C’est ce que je m’étais dit le lendemain, lorsque Mimi, Elma, Kugi et moi nous étions dirigés vers le lieu où nous avions été invités.

J’avais envisagé d’emmener les jumelles mécaniciennes et la docteure Shouko, mais en cas de problème, il aurait été dangereux d’avoir trop de non-combattants avec nous. Je les avais donc laissées sur place. Elma et moi pouvions couvrir Mimi et Kugi, et il y avait de fortes chances pour que Kugi ait ses propres moyens de se protéger si nécessaire. La seule véritable non-combattante parmi nous était Mimi; quoi qu’il arrive, on pourrait donc probablement s’en sortir.

« C’est chic », dit Mimi.

« Comme c’est désuet ! » fit remarquer Elma.

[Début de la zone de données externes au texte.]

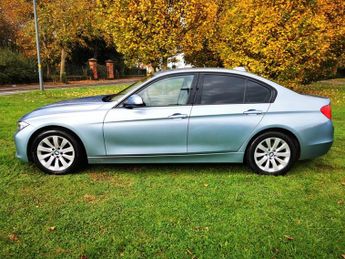 BMW 3 SERIES 320i XDRIVE MODERN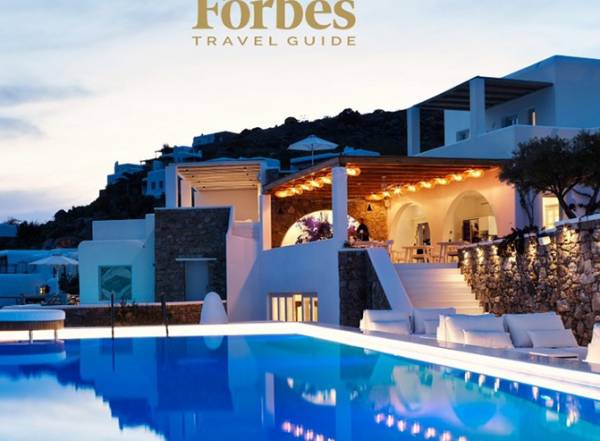 K&omicron;&rho;&upsilon;&phi;&alpha;ί&alpha; &delta;&iota;ά&kappa;&rho;&iota;&sigma;&eta; Five-Star &gamma;&iota;&alpha; &tau;&omicron; Katikies Mykonos &sigma;&tau;&alpha; Forbes Travel Guide Star Awards 2024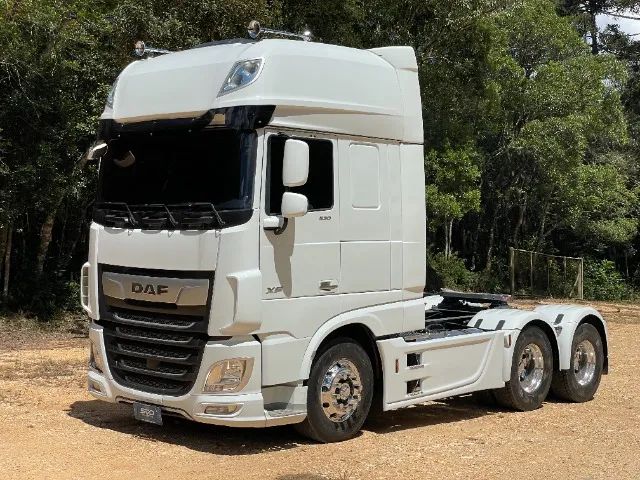 DAF XF 530 6X4 ANO 2024 TETO ALTO COM 303 MIL KM - SUSPENSÃO A AR NA DIANTEIRA - PRONTO PA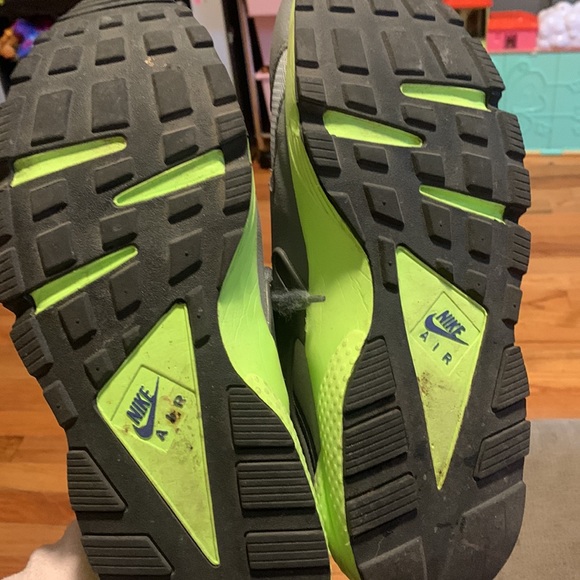 Air Huarache Nike sneakers- men’s size 12 - Picture 4 of 8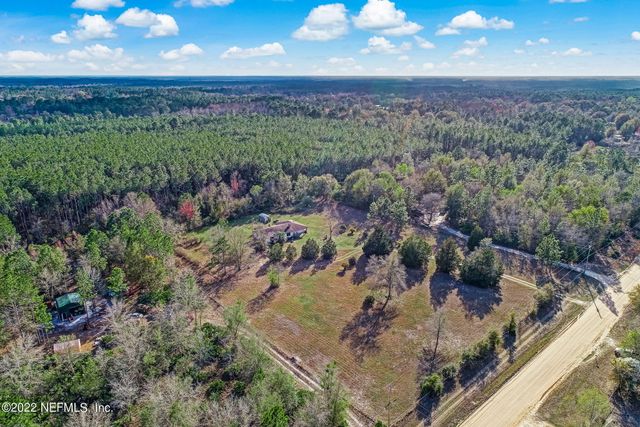 5665 MAVERICK, Middleburg, FL 32068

Telles étaient nos impressions sincères en voyant le cuirassé qui se dressait devant nous. Je ne connaissais pas le nom de ce vaisseau, mais il était en effet grandiose. Il semblait un peu vieillot, mais son design anguleux et ses nombreux canons laser de gros calibre étaient impressionnants. Comme il était à peu près de la même taille que le Lestarius, voire plus grand, il n’était pas possible de le voir dans son intégralité d’aussi près.

« Kugi, tu as toujours la bouche grande ouverte. »

« Hein ?! M-Mes excuses. J’étais un peu submergée. » Kugi, qui regardait elle aussi le cuirassé, rougit et referma précipitamment la bouche.

Je comprenais ce qu’elle ressentait. Le vaisseau géant et anguleux devant lequel nous nous tenions était l’incarnation même d’un cuirassé. Le Lestarius, construit par Ideal Starways, avait un design plus aérodynamique.

« Au fait, ces nouveaux vêtements te vont à ravir. »

« Vraiment ? — Merci, » dit Kugi, le visage toujours rouge. Elle baissa les yeux pour examiner ses vêtements.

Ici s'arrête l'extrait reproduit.